Exercise aim: Look over the entries that follow and work out how many lines contain "Cover". State the number only.

Data supplied:
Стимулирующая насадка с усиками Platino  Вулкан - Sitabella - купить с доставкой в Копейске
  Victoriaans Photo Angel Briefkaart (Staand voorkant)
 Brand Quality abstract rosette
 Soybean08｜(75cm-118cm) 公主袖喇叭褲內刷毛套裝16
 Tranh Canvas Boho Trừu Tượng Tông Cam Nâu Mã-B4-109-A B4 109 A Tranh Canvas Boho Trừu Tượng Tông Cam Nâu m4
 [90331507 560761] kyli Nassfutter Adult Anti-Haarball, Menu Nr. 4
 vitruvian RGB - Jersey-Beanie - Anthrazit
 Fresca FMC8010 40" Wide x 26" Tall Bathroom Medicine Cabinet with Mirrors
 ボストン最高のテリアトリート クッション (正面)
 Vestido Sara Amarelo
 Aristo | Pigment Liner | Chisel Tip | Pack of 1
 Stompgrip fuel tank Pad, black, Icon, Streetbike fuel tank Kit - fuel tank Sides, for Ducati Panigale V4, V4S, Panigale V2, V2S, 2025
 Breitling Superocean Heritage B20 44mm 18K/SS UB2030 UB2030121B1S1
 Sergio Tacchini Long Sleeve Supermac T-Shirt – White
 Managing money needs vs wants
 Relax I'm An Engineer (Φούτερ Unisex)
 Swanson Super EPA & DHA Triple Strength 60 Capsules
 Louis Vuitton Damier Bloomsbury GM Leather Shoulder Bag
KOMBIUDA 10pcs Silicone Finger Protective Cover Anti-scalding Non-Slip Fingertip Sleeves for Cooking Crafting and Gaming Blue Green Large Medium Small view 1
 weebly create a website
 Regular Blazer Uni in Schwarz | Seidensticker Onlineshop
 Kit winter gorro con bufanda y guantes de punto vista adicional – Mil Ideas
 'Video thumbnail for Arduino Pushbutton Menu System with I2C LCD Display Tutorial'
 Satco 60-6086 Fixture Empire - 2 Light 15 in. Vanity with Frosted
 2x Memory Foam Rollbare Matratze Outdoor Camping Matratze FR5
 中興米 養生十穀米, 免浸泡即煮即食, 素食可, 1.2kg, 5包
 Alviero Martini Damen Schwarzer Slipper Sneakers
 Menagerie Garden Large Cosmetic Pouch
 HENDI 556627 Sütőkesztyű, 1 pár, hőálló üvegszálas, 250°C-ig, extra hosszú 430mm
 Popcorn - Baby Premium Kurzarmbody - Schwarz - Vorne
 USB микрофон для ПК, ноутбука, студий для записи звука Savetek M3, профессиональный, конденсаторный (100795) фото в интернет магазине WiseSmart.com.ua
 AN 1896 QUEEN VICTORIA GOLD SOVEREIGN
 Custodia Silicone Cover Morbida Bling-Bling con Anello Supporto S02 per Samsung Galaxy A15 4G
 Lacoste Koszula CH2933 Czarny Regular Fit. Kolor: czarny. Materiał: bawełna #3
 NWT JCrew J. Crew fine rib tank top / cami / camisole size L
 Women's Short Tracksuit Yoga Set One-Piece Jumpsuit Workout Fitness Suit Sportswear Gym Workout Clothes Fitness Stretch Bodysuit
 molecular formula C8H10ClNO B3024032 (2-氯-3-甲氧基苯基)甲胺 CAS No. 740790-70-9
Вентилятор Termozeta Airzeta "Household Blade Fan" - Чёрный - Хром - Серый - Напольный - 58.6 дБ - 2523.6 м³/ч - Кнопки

Written response: 2